- WORK INSTRUCTIONS
Transcribe every line from the one containing "Presented by We" through the end of the records below, exactly, but not the pictures.

- Pictures with short captions
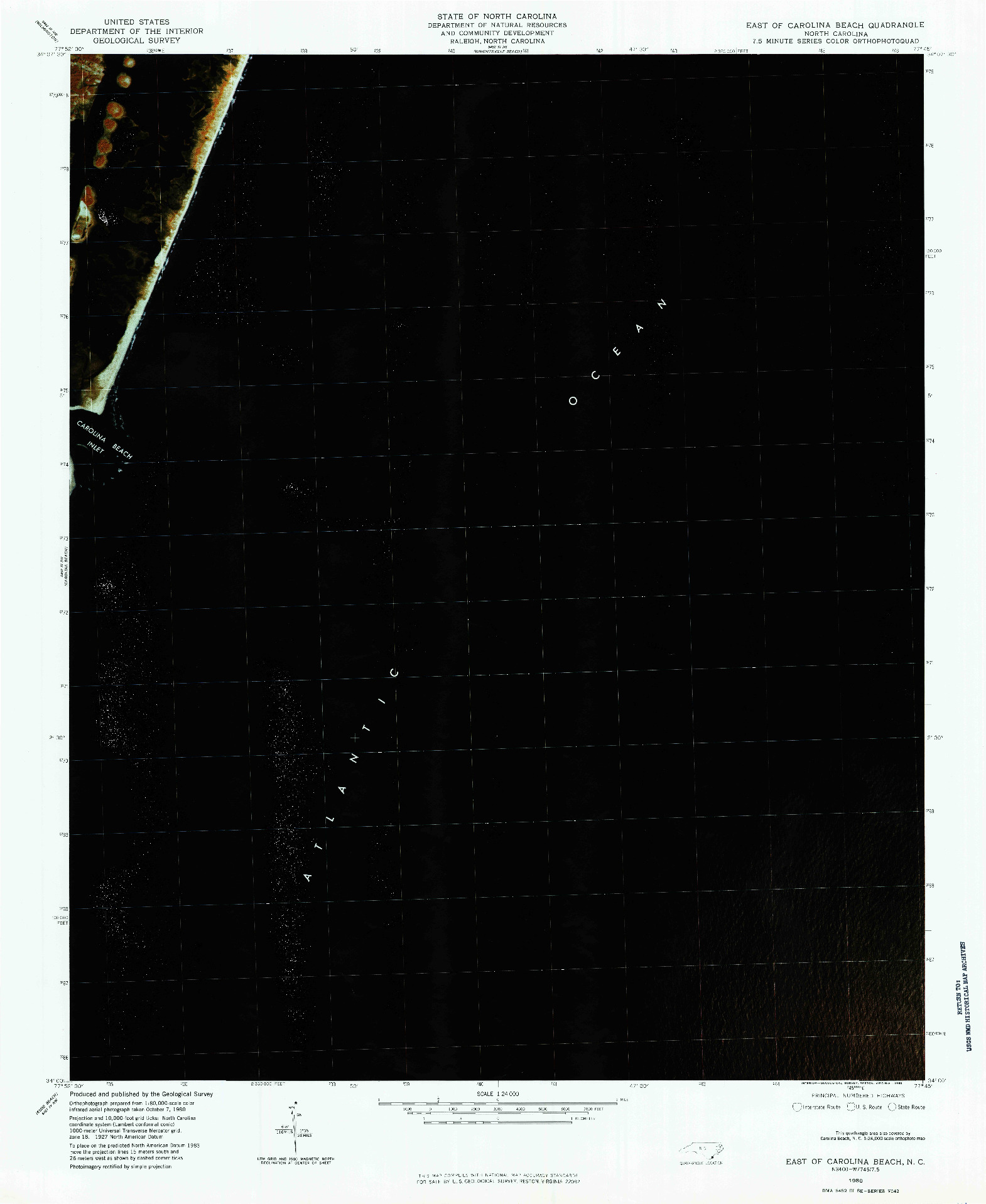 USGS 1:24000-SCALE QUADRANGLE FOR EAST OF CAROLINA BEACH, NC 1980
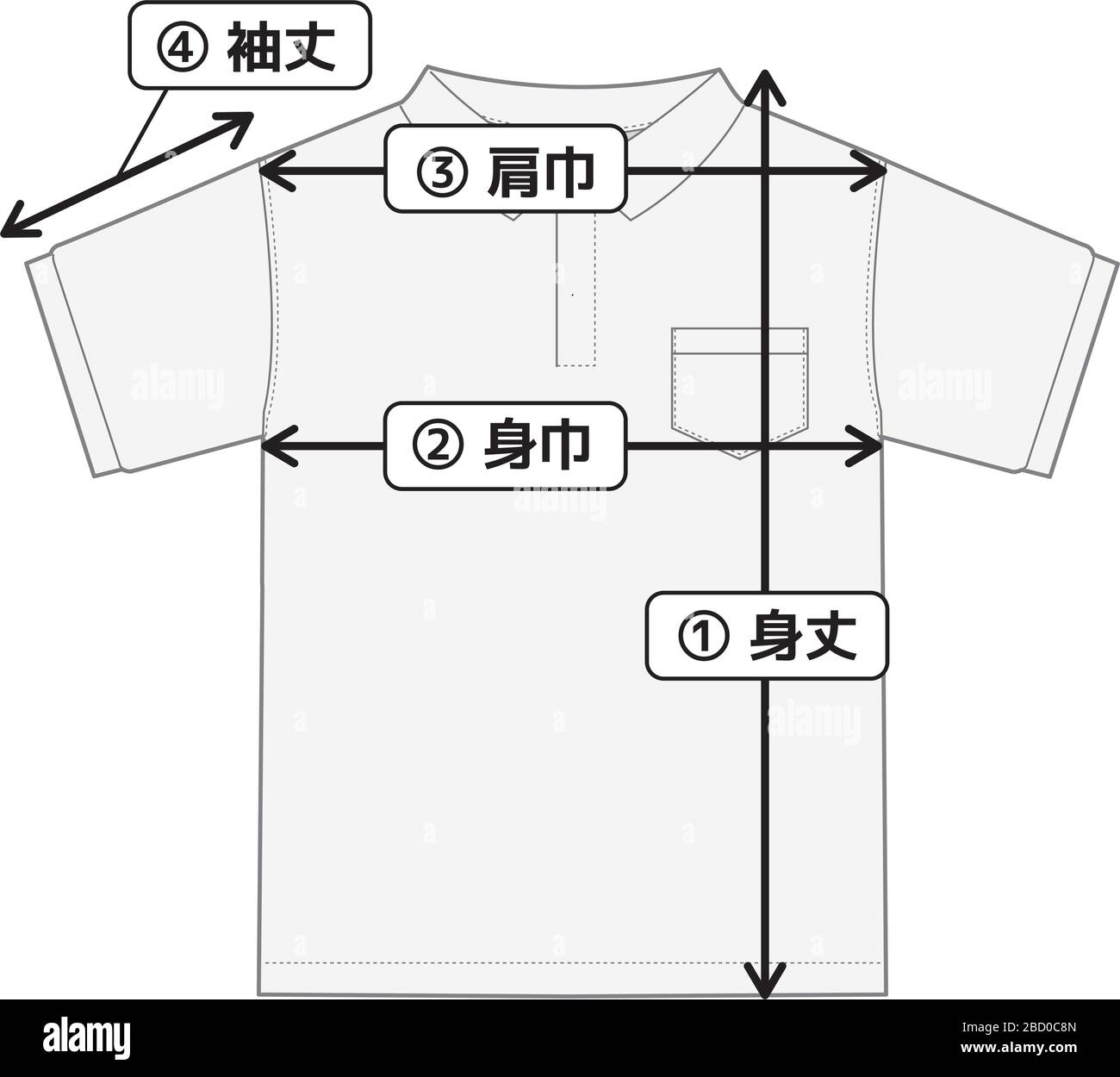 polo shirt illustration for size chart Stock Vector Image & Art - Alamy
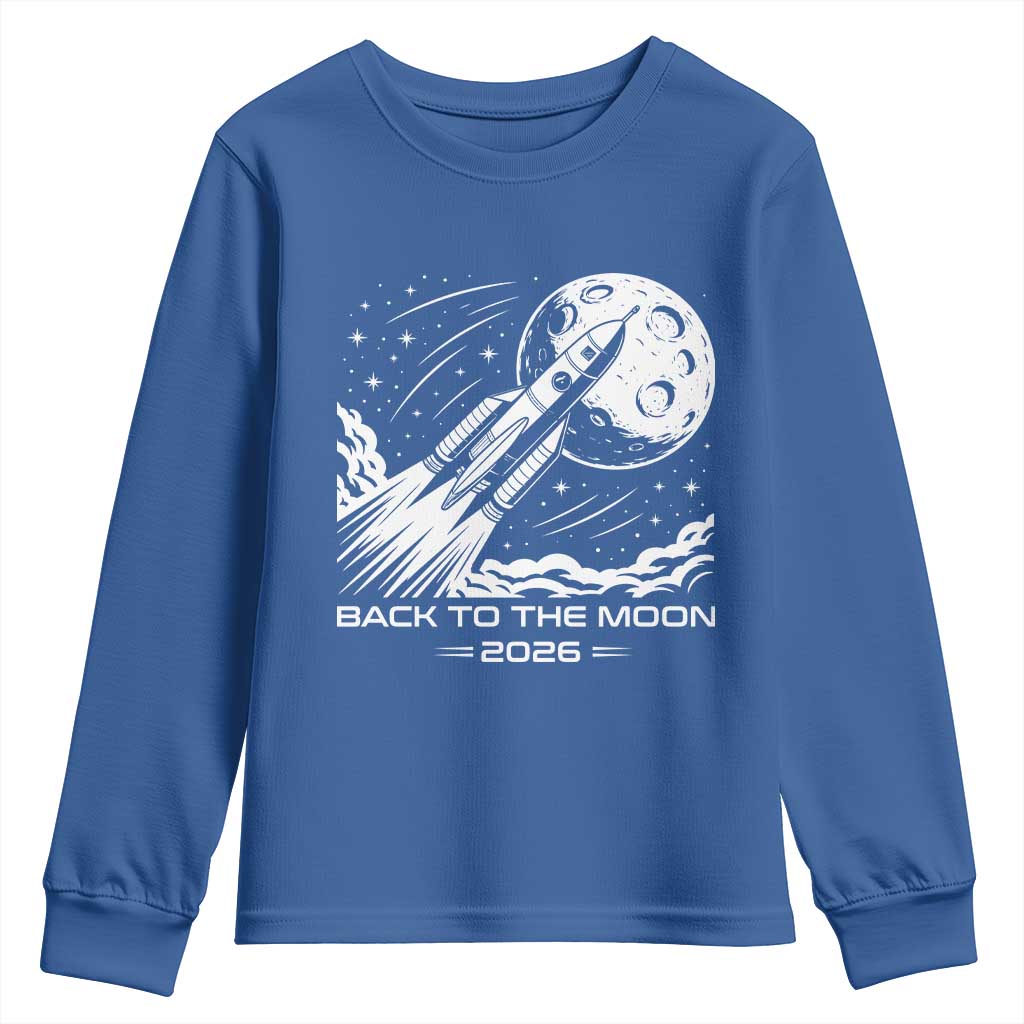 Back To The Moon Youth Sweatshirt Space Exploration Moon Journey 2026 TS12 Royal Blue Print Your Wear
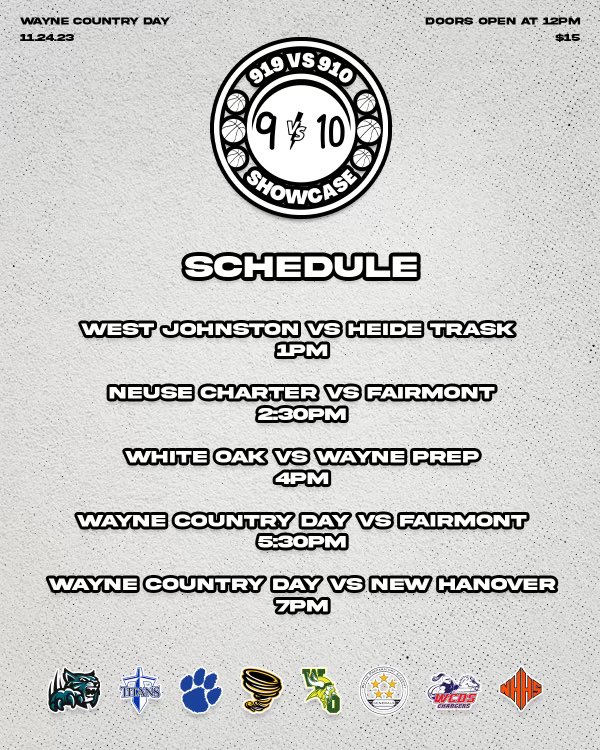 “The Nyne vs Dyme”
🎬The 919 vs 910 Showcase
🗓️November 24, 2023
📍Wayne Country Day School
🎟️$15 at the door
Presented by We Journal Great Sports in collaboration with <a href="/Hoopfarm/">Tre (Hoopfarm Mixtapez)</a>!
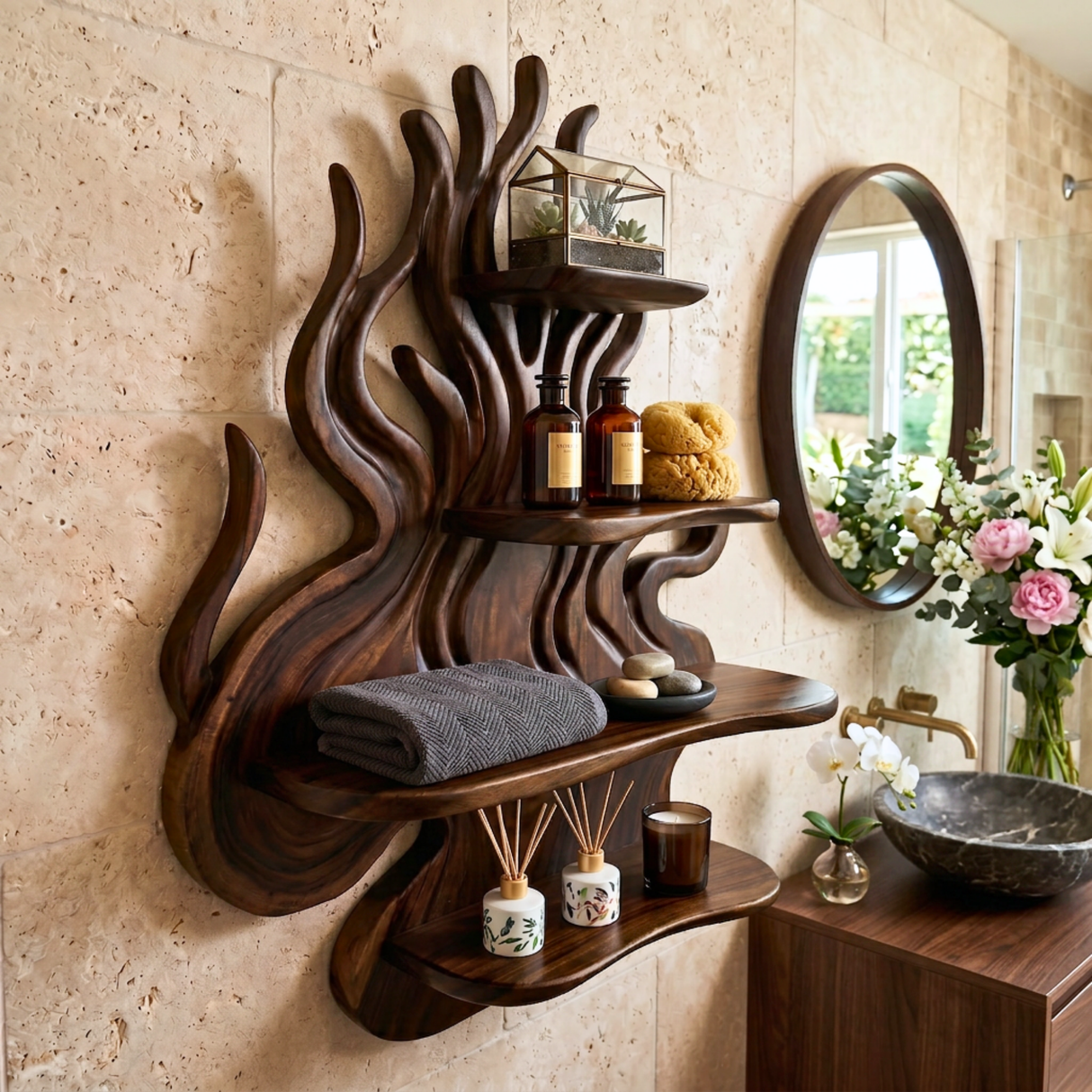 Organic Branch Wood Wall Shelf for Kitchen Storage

- RESULT OF THIS TASK
Presented by We Journal Great Sports in collaboration with <a href="/Hoopfarm/">Tre (Hoopfarm Mixtapez)</a>!
 Organic Branch Wood Wall Shelf for Kitchen Storage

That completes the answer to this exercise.